Sheryl Sandberg, currently the Chief Operations Officer (COO) at Facebook, has already had one of the most illustrious careers in business and technology. Formally of the US Government and Google, Sheryl is one of the most successful and prolific women in business and technology. After her time at Google and the forthcoming Facebook IPO, Sheryl is one of the richest people in Silicon Valley. How did she reach this stage and what does the future hold for her in Silicon Valley or back in Washington DC? Here is a profile of Sheryl Sandberg, the most prolific women in tech.

Sheryl’s education

Sheryl graduated from Harvard with a degree in Economics. A couple of years later she would attend Harvard Business School to get an MBA. It was during her time at Harvard that she met Larry Summers who became her thesis advisor and would later become President of Harvard between 2001 and 2006 (as depicted in The Social Network).
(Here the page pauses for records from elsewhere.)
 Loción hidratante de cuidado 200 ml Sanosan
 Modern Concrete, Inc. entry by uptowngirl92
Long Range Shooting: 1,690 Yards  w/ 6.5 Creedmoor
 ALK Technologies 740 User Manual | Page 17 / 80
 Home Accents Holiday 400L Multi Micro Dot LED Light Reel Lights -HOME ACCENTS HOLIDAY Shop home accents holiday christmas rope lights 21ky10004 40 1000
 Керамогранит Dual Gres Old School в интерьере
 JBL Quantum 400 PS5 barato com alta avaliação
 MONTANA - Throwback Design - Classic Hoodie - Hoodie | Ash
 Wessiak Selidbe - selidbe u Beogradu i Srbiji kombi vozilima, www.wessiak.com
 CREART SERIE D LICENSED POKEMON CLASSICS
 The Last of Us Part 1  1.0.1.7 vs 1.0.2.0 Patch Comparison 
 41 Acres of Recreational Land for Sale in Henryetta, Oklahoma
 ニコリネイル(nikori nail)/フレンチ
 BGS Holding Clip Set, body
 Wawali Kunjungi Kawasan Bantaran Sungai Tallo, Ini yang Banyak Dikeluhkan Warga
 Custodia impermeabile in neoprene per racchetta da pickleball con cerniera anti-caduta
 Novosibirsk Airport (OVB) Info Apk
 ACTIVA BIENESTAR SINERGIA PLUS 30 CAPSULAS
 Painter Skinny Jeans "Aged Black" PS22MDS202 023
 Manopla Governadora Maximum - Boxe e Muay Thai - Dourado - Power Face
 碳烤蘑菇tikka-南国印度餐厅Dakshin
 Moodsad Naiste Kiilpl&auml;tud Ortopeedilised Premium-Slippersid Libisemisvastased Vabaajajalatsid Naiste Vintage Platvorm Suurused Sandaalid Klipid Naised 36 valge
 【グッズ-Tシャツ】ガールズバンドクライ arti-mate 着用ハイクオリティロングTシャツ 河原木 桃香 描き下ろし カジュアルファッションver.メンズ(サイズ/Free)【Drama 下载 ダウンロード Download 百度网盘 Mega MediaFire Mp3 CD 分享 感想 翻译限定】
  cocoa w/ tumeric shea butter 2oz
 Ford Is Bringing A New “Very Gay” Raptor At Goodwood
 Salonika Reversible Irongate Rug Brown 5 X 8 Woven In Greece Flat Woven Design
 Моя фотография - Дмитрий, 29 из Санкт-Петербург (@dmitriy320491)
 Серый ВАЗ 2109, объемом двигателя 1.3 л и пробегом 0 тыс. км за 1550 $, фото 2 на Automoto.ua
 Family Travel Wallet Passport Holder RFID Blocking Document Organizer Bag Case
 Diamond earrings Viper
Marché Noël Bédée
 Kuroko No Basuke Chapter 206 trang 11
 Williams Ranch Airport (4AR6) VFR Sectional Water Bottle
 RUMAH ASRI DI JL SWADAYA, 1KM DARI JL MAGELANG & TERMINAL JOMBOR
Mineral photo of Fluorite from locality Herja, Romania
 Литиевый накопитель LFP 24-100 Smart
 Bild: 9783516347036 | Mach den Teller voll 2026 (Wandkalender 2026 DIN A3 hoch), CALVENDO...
Working for the US Government

Her early relationship with Larry Summers lead her to become Chief of Staff for Summers when he took the position of Secretary of the Treasury under President Bill Clinton. Much of Sheryl’s time working for the US Government was spent in India and Asia where she developed a taste for philanthropy and helping third world nations.

At Google

After her stint in the US Government, Sheryl joined Google and become Vice President of Global Online Sales and Operations where she built and managed the online sales channels for advertising and publishing and operations for consumer products. Sheryl was not a typical Googler as she did not have a degree in Computer Science. Whilst at Google, Sheryl also created the philanthorpy aspect of the search giant’s business

At Facebook

Sheryl would eventually meet Mark Zuckerberg and in March 2008 Sheryl was named as Facebook’s Chief Operations Office. Prior to Sheryl’s role at Facebook, the company was struggling to find a business model and was uneasy with how Facebook should adopt advertising. Sheryl came to the company with a wealth of knowledge and understanding from Google about how the online advertising industry worked. Sheryl lead Facebook’s adoption of advertising and helped create their advertising platform. It was under Sheryl that Facebook finally become profitable. At Facebook, Sheryl oversees sales, marketing, business development, human resources, public policy and communications.

What’s next for Sheryl?

Sheryl has already made the big move from one tech giant to another, but also has the experience and background from her time in the US Government. Sheryl has already proven herself at Google and has turned Facebook from a group of college students with a cool product to a fully fledged and credible business that could IPO for $100 billion. There’s no doubt about Sheryl’s business acumen, so what will she do next?

Sheryl might decide to stay at Facebook after the IPO, although I don’t think she’ll stick around for ever. A high achiever like Sandberg will want to get on to the next challenge. She could also make the move to another up and coming tech giant and once again nurture the business side of the company and mature it along the same lines as Facebook and Google. If she was to do this, she would cement her name in Silicon Valley folklore. However there is one final path Sheryl could take. With her time previously working in the Government, and her ambition to help the world through her philanthropic efforts, could we see Sheryl submit her bit to become the first female US President?